● Work request
Repeat the data that follows exactly, starting at the line with "Calibrating a differential" and ending at the line with "After that, open", and leave out every picture.

*** Exercise material Section Begins ***

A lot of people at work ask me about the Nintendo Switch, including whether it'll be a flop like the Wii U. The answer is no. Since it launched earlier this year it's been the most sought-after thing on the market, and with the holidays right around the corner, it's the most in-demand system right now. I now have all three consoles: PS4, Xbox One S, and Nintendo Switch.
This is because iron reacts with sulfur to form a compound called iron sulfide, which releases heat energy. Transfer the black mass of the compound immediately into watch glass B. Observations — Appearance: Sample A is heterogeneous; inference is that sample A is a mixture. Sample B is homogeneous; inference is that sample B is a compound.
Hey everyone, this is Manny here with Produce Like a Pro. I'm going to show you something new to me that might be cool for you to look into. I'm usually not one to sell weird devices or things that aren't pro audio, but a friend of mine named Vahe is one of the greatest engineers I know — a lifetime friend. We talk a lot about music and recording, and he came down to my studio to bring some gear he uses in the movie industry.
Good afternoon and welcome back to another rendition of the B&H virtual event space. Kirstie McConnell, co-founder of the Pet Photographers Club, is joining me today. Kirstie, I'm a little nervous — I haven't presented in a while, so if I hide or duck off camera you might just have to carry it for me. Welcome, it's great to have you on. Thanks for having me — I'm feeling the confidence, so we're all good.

*** Exercise material Section Ends ***
*** Exercise material Section Begins ***

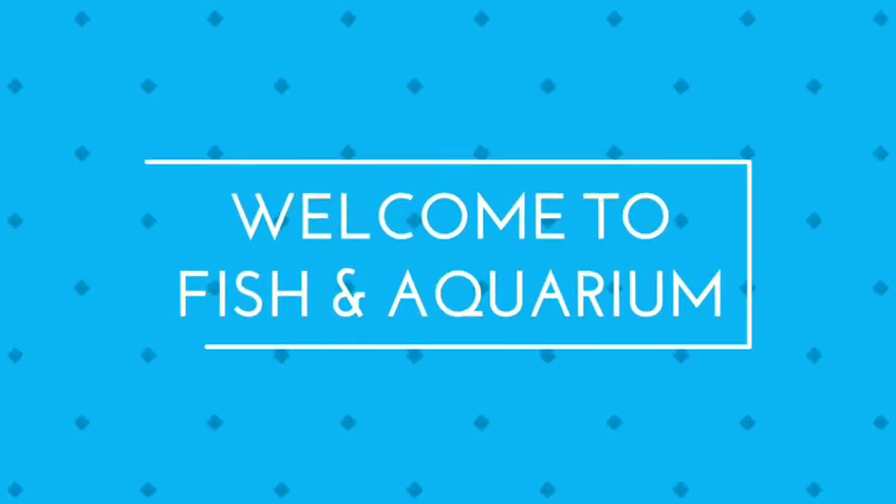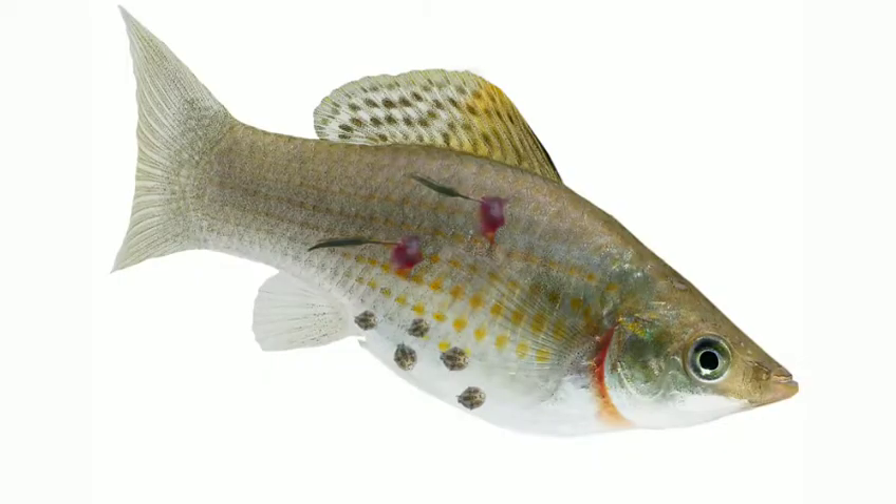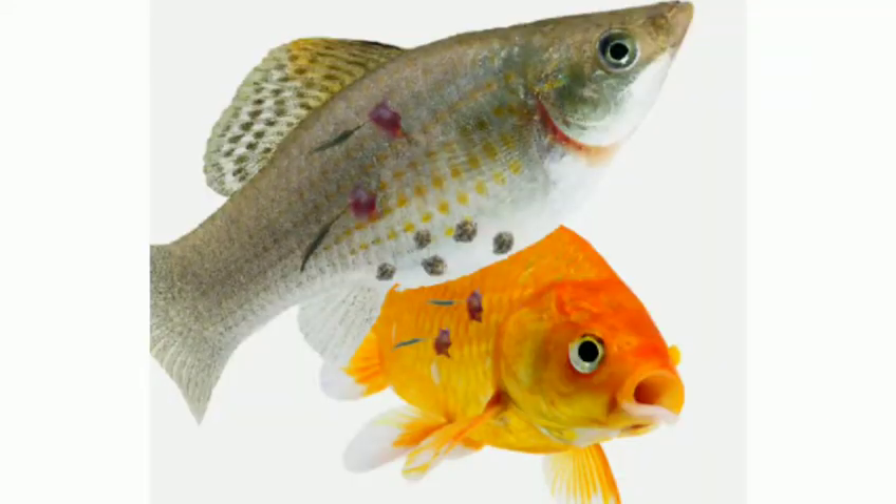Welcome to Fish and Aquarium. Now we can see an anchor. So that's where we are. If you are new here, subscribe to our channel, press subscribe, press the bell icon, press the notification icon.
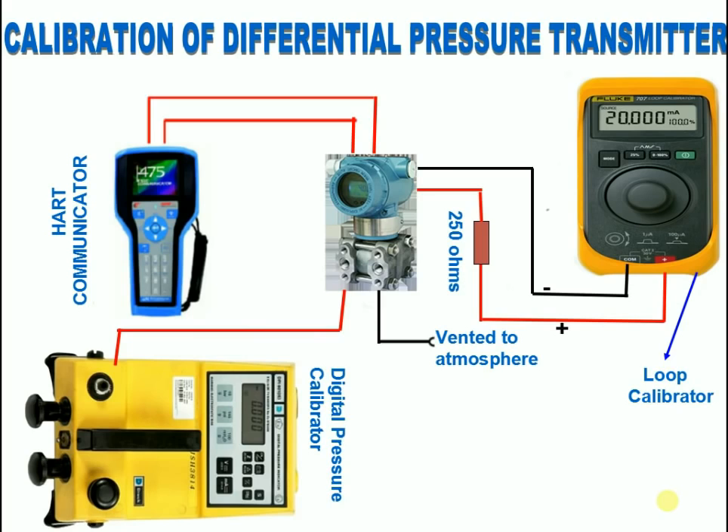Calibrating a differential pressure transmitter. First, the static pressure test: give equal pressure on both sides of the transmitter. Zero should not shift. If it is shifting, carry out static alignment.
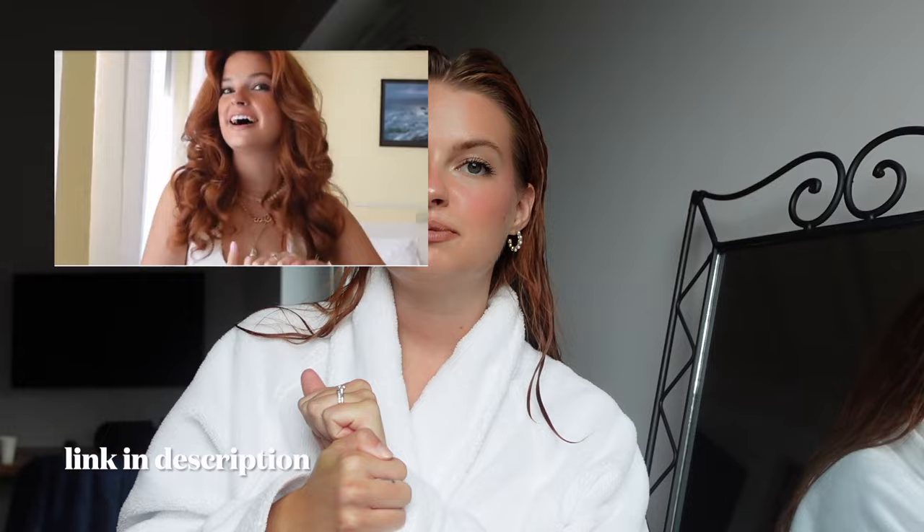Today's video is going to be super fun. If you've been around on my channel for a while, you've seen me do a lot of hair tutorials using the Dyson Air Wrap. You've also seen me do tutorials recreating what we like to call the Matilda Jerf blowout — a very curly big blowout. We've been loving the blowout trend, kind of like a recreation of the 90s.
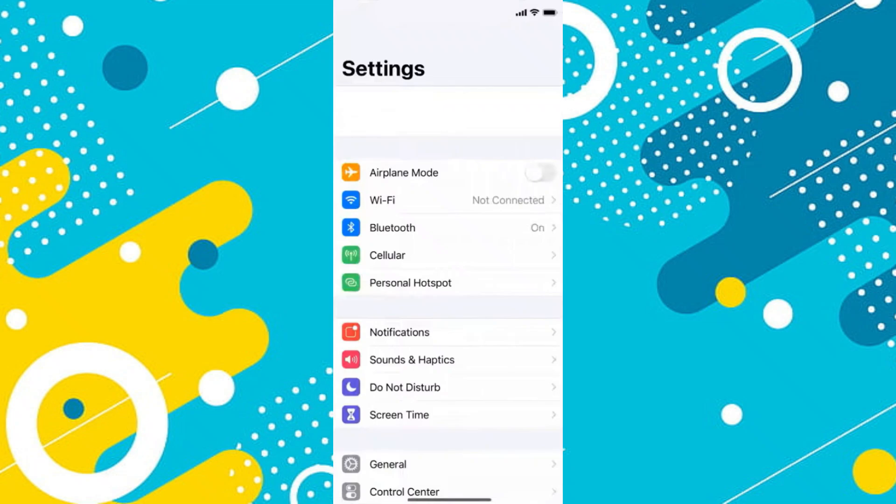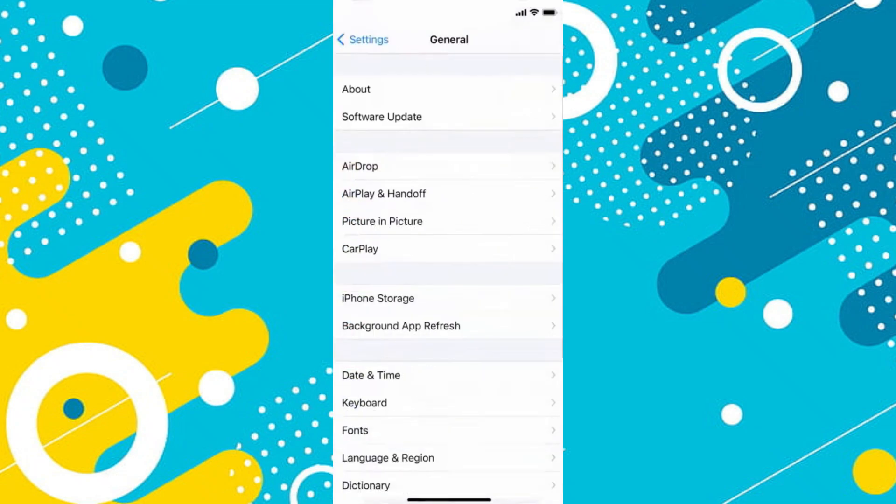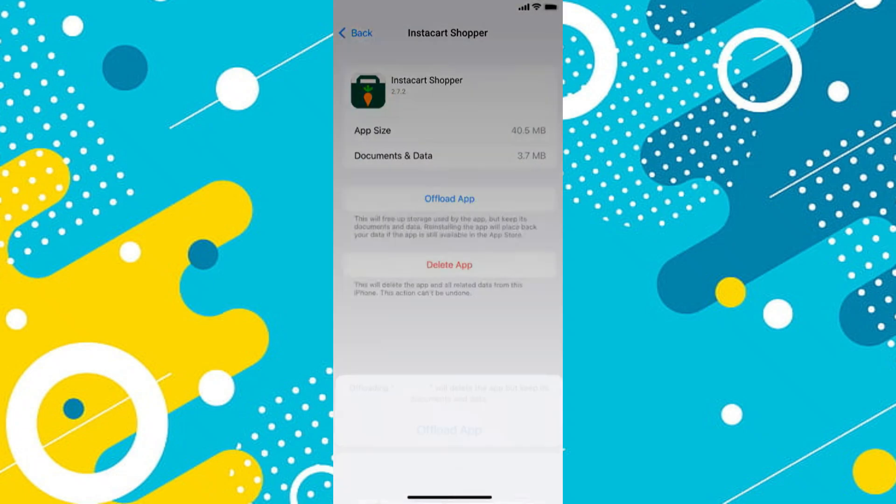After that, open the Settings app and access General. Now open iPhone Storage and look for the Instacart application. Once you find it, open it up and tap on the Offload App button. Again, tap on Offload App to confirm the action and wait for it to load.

*** Exercise material Section Ends ***

● Result for this exercise
Calibrating a differential pressure transmitter. First, the static pressure test: give equal pressure on both sides of the transmitter. Zero should not shift. If it is shifting, carry out static alignment.
Today's video is going to be super fun. If you've been around on my channel for a while, you've seen me do a lot of hair tutorials using the Dyson Air Wrap. You've also seen me do tutorials recreating what we like to call the Matilda Jerf blowout — a very curly big blowout. We've been loving the blowout trend, kind of like a recreation of the 90s.
After that, open the Settings app and access General. Now open iPhone Storage and look for the Instacart application. Once you find it, open it up and tap on the Offload App button. Again, tap on Offload App to confirm the action and wait for it to load.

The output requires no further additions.